Ever since psychedelics (from the Greek for “mind manifesting”) first came into use in the West, Buddhism has had to deal with them. Many students of Buddhism have become interested in psychedelics, and many users of these substances have become interested in Buddhism. In the sixties and early seventies, zendos and meditation halls were flooded with young people who had experimented with LSD, psilocybin, mescaline, and other hallucinogens and were now seeking a more sustainable society. Birth of a Psychedelic Culture contains reminiscences from the vanguard of the psychedelic movement. The book centers on conversations about the good old days between onetime Harvard professor Richard Alpert, later known as Ram Dass, and Ralph Metzner, a psychologist and author who was a graduate student at Harvard when Alpert and his colleague Timothy Leary were conducting their experiments in psilocybin and LSD. The dialogue is deftly moderated by psychiatrist Gary Bravo, and there’s a breezy, beautifully written introduction by John Perry Barlow, a Harvard graduate, Grateful Dead lyricist, and computer pioneer who by the mid-Sixties was also “fully enrolled in the Eastern Orthodox Church of LSD,” as he puts it. Revelations about the Harvard Psilocybin project (later the Harvard Psychedelic project), about Leary and Alpert’s continued experimentation with psychedelics in a Millbrook, New York mansion, and about their sojourns to Mexico and India offer a sensational—and at times riveting—contribution to our understanding of a complex and confusing issue. Peppered with recollections from lesser-known members of Alpert and Leary’s circle, Birth serves as a kind of scrapbook of the psychedelic movement. The detailed descriptions of their specific drug “journeys,” along with insights about the various substances they ingested, are particularly interesting. Numerous cultural figures play supporting roles in the drama, including Aldous Huxley (everyone’s inspiration, it seems), radical psychiatrist R. D. Laing, musicians Charles Mingusand Maynard Ferguson, and writers Allen Ginsberg and William Burroughs. Black-and-white photographs of the pioneers serve as a visual timeline of the transformation in their physiognomies that accompanied the transformation of their minds.

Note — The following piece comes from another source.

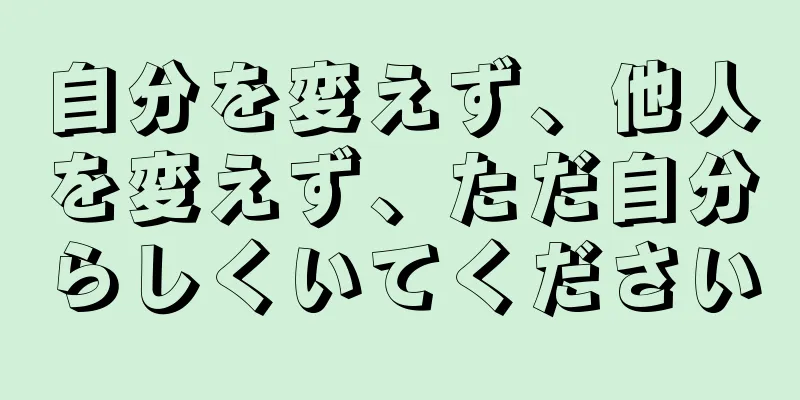 自分を変えず、他人を変えず、ただ自分らしくいてください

––ALLAN BADINER Tricycle Contributing Editor and author of Zig Zag Zen: Buddhism and Psychedelics
This entertaining and firsthand account of those heady days of the sixties sheds light on the intentions, dynamics, trials and errors of the utopian movement led by Timothy Leary and his chief lieutenants, Richard Albert (later Ram Dass) and Ralph Metzner.
A clear evolution is painted: from the carefully controlled scientific explorations and academic background of the early phase beginning at Harvard; to the middle years in Mexico and at Millbrook in upstate New York where LSD became a key element of experiments in group living; to the disintegration of the movement under the influence of ego battles, family demands, a trend to indiscriminate drug use, and the inevitable crackdown by officialdom.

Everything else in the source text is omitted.